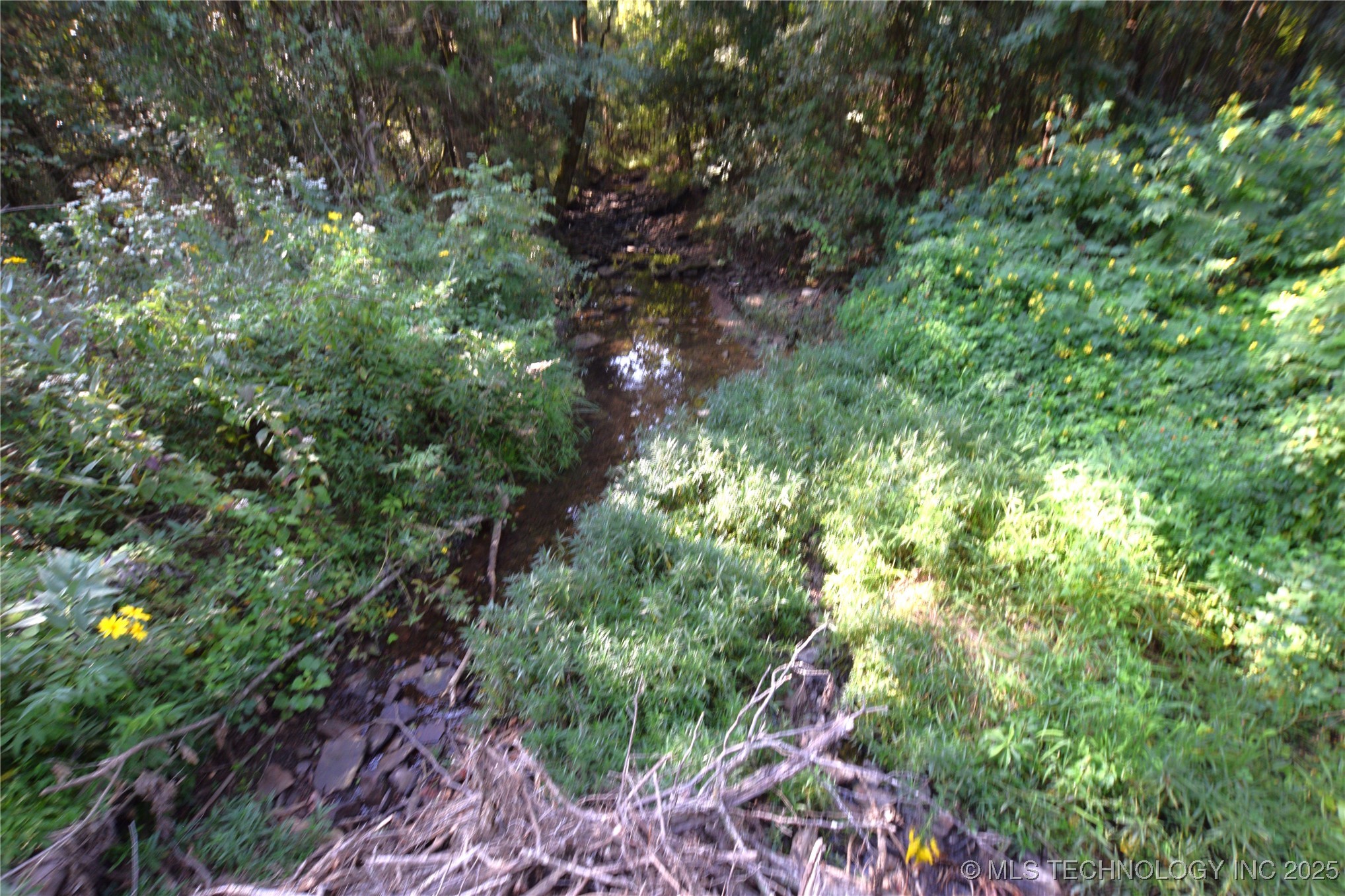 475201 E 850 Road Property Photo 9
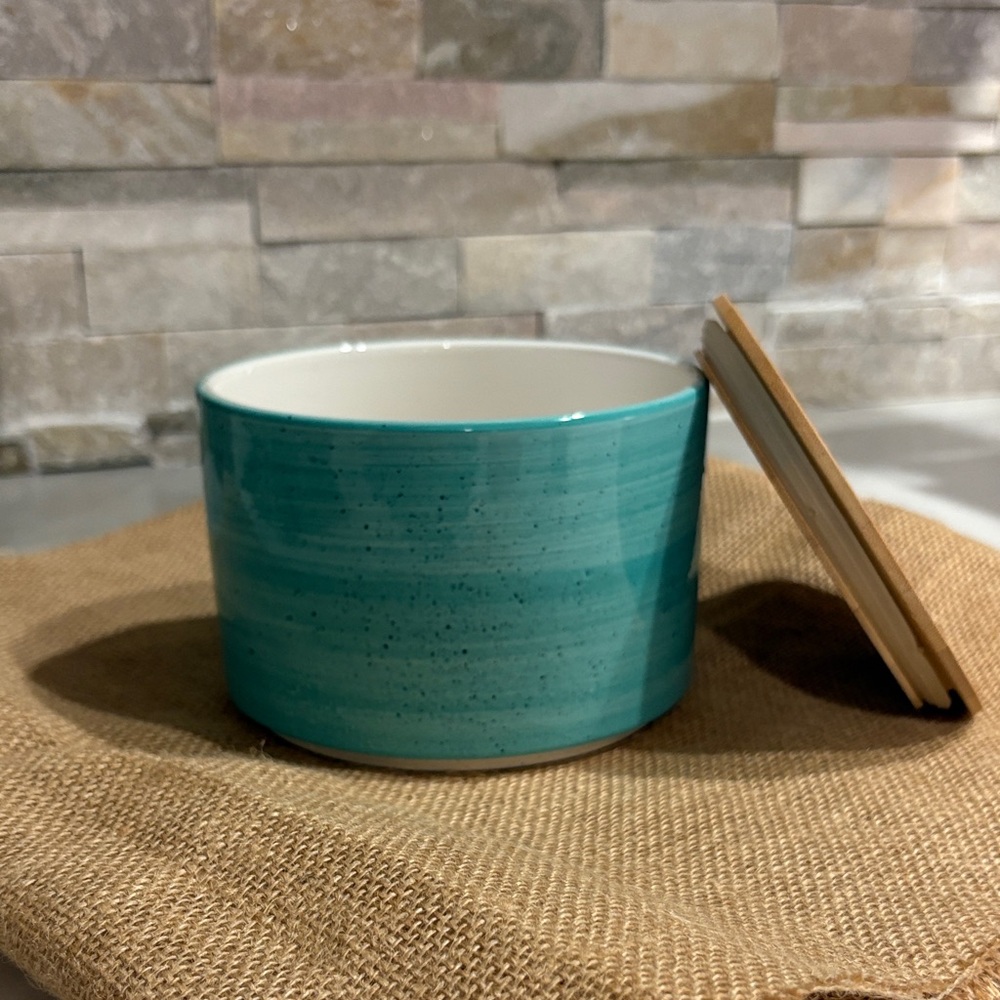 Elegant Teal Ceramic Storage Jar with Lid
☆ ☆ ☆
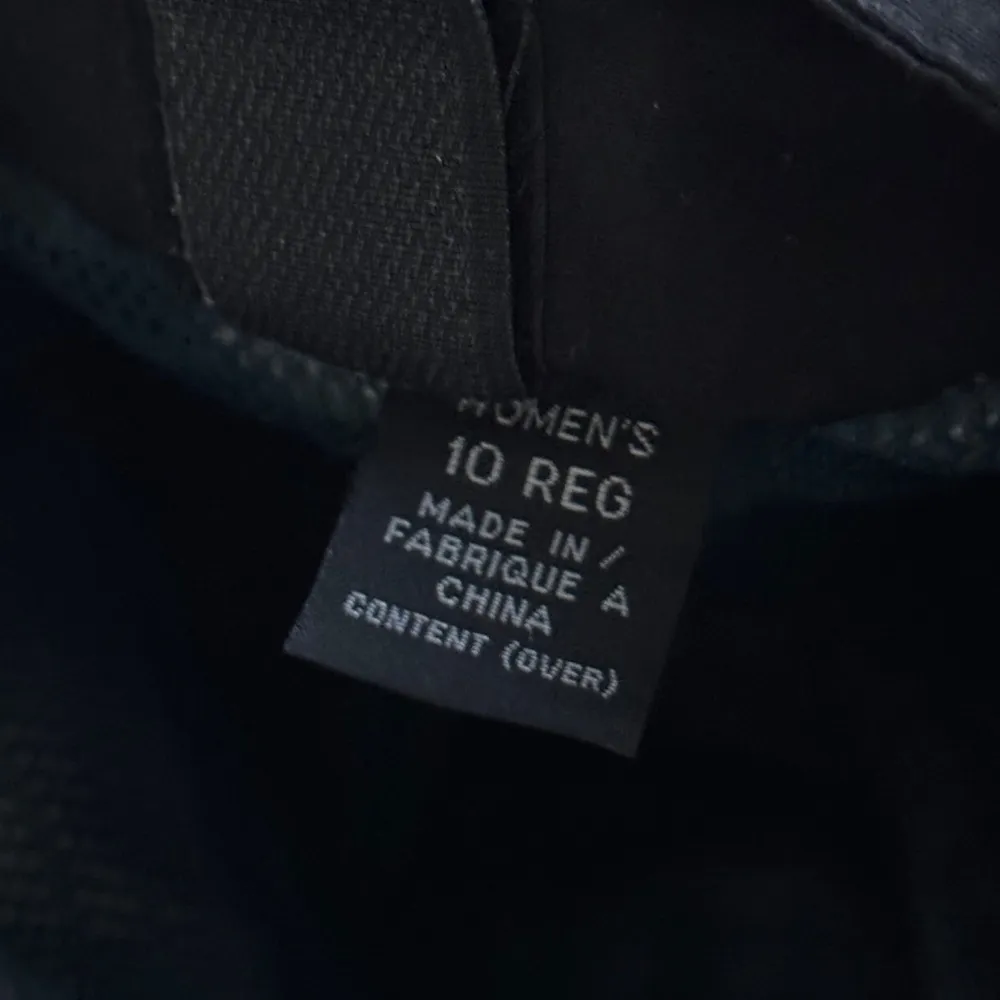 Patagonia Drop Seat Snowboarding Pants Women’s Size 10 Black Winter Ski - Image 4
☆ ☆ ☆
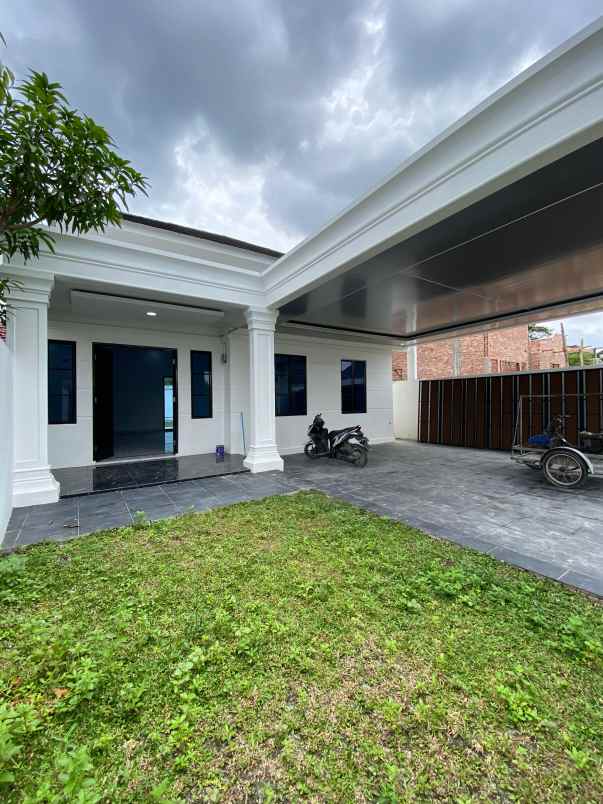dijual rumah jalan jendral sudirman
☆ ☆ ☆
Return only the part above that opens with the line containing "475201 E 850 Road Property Photo 9" and closes with the line containing "Elegant Teal Ceramic Storage Jar with Lid", exactly and with both ends, skipping the pictures.

 475201 E 850 Road Property Photo 9
 Elegant Teal Ceramic Storage Jar with Lid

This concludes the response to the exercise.